Segment Open
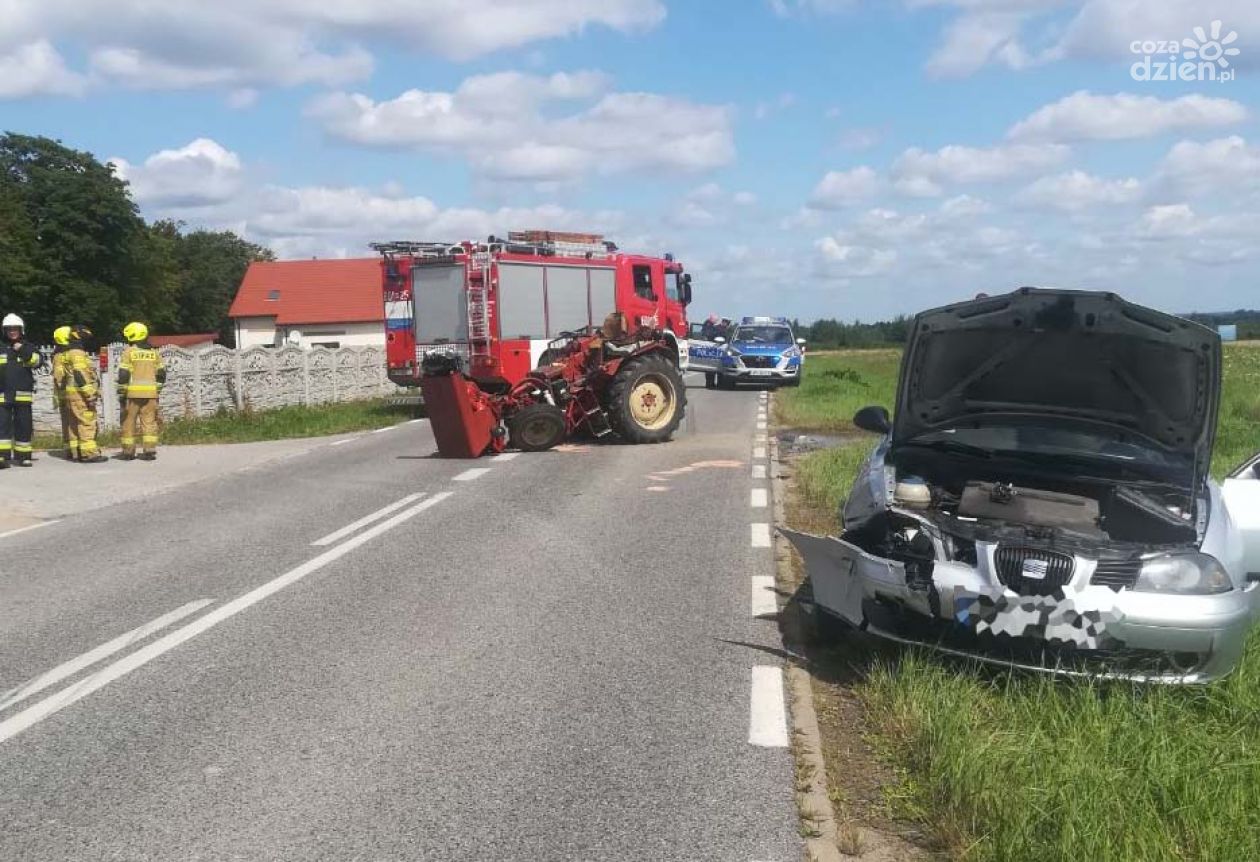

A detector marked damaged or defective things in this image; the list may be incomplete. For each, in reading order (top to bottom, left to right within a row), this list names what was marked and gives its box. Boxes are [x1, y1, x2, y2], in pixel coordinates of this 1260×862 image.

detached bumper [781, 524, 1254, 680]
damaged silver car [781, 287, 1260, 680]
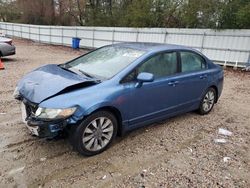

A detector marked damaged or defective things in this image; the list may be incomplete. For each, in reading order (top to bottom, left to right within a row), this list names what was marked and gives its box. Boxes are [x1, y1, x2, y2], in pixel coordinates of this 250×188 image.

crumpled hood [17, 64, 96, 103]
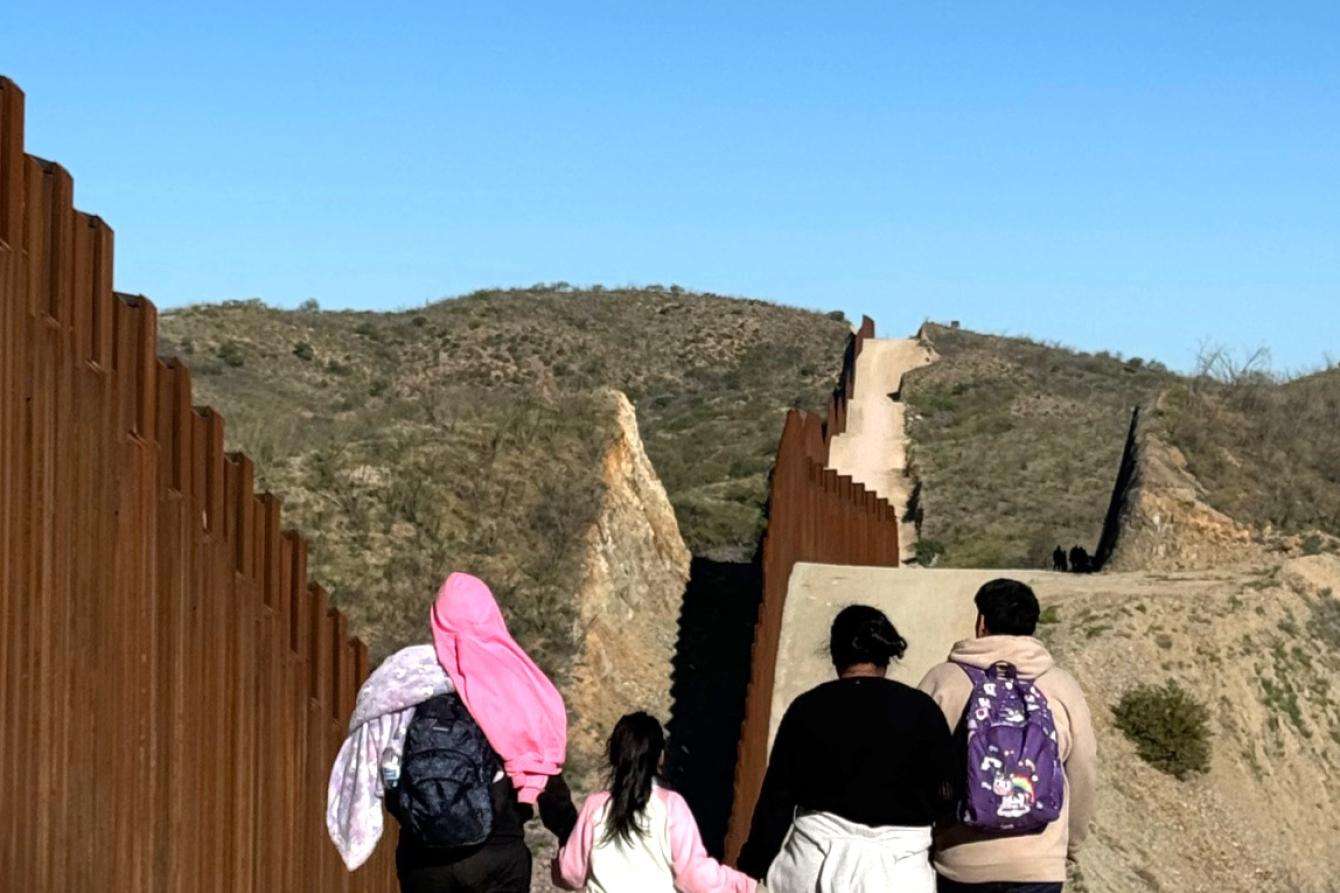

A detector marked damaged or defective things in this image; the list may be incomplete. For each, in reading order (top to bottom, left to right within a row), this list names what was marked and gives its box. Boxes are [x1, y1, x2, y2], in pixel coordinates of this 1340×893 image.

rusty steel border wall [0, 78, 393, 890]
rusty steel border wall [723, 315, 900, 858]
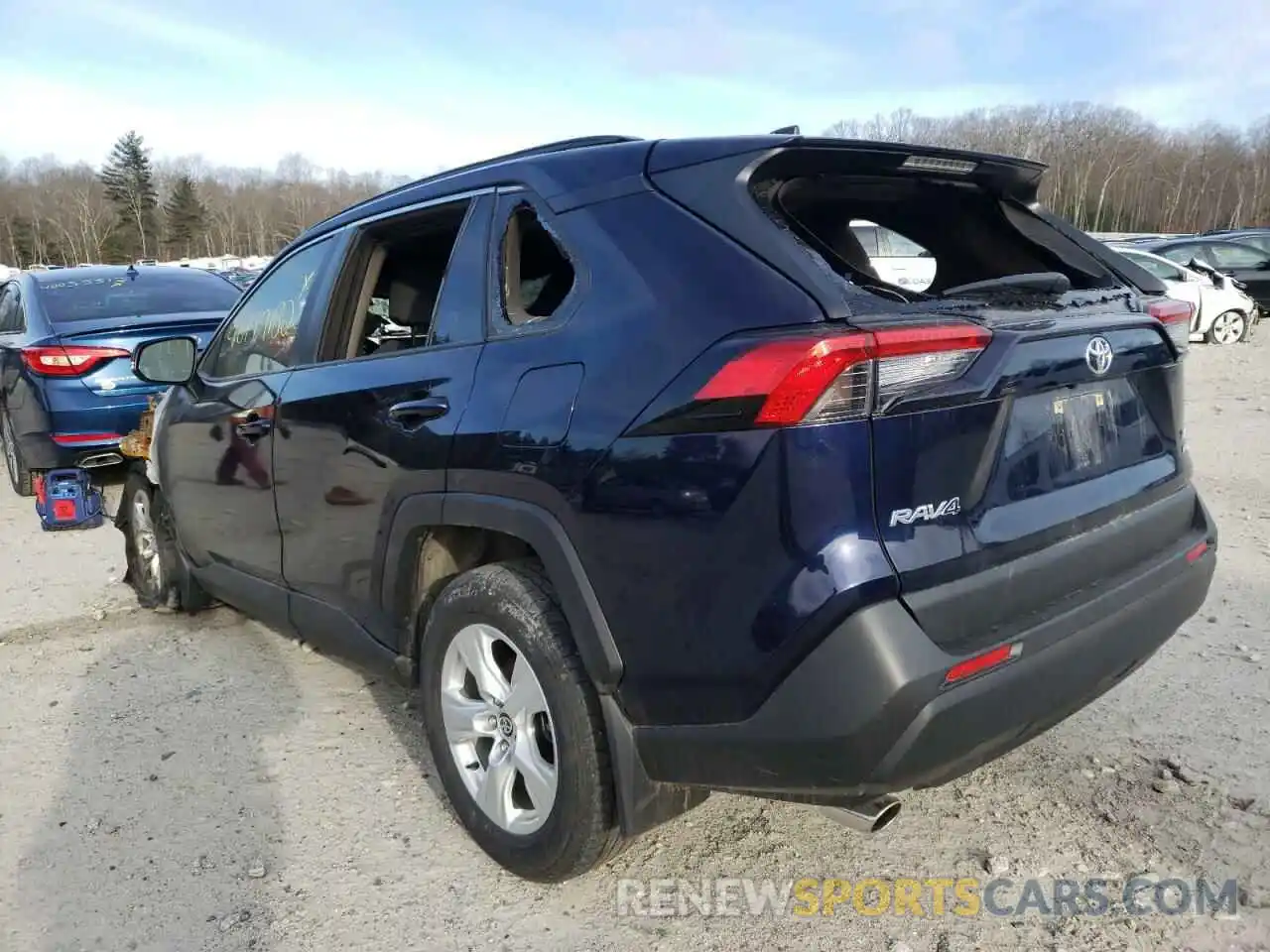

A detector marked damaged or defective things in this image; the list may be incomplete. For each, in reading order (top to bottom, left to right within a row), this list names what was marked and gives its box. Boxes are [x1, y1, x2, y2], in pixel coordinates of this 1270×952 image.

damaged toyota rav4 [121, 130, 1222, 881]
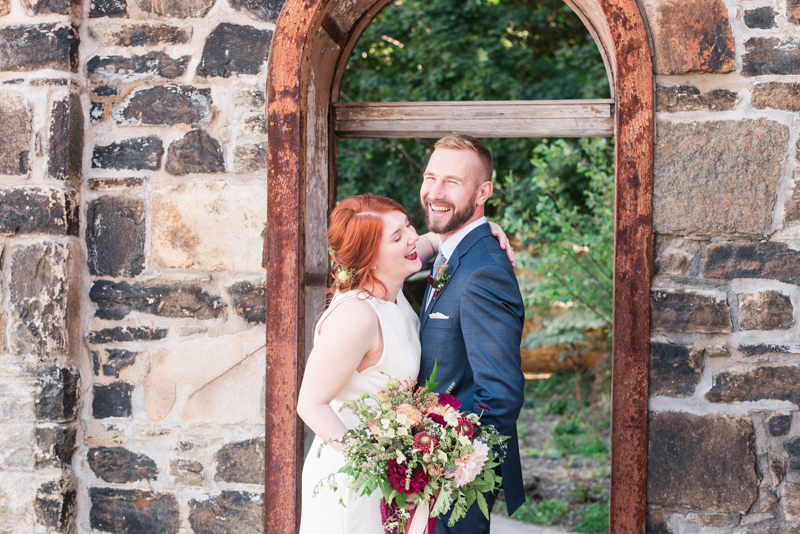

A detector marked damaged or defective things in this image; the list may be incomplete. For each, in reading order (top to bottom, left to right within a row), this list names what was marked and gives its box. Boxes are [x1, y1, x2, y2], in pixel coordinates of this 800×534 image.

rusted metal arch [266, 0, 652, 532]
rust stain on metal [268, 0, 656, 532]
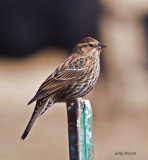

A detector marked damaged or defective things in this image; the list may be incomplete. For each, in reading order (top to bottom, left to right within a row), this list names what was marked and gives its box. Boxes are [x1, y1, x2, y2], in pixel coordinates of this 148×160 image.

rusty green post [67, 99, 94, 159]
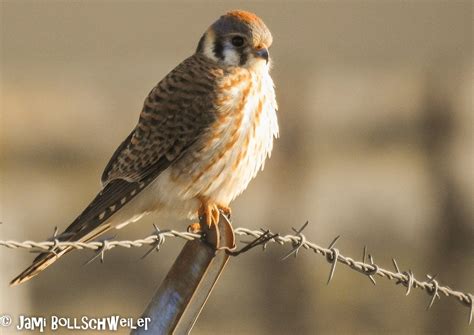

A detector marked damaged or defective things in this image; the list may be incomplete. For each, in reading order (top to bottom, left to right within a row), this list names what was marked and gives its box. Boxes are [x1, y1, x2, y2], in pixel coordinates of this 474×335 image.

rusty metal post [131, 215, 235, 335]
Segment Closed
Exactly the lines from the one with "this 148×160 image." through the end of the listing above are to be repeated, with no pictures.

#### RESPONSE AREA
A detector marked damaged or defective things in this image; the list may be incomplete. For each, in reading order (top to bottom, left to right within a row), this list names what was marked and gives its box. Boxes are [x1, y1, x2, y2], in pixel coordinates of this 148×160 image.

rusty green post [67, 99, 94, 159]

A detector marked damaged or defective things in this image; the list may be incomplete. For each, in reading order (top to bottom, left to right within a row), this list names what was marked and gives its box. Boxes are [x1, y1, x2, y2], in pixel coordinates of this 474×335 image.

rusty metal post [131, 215, 235, 335]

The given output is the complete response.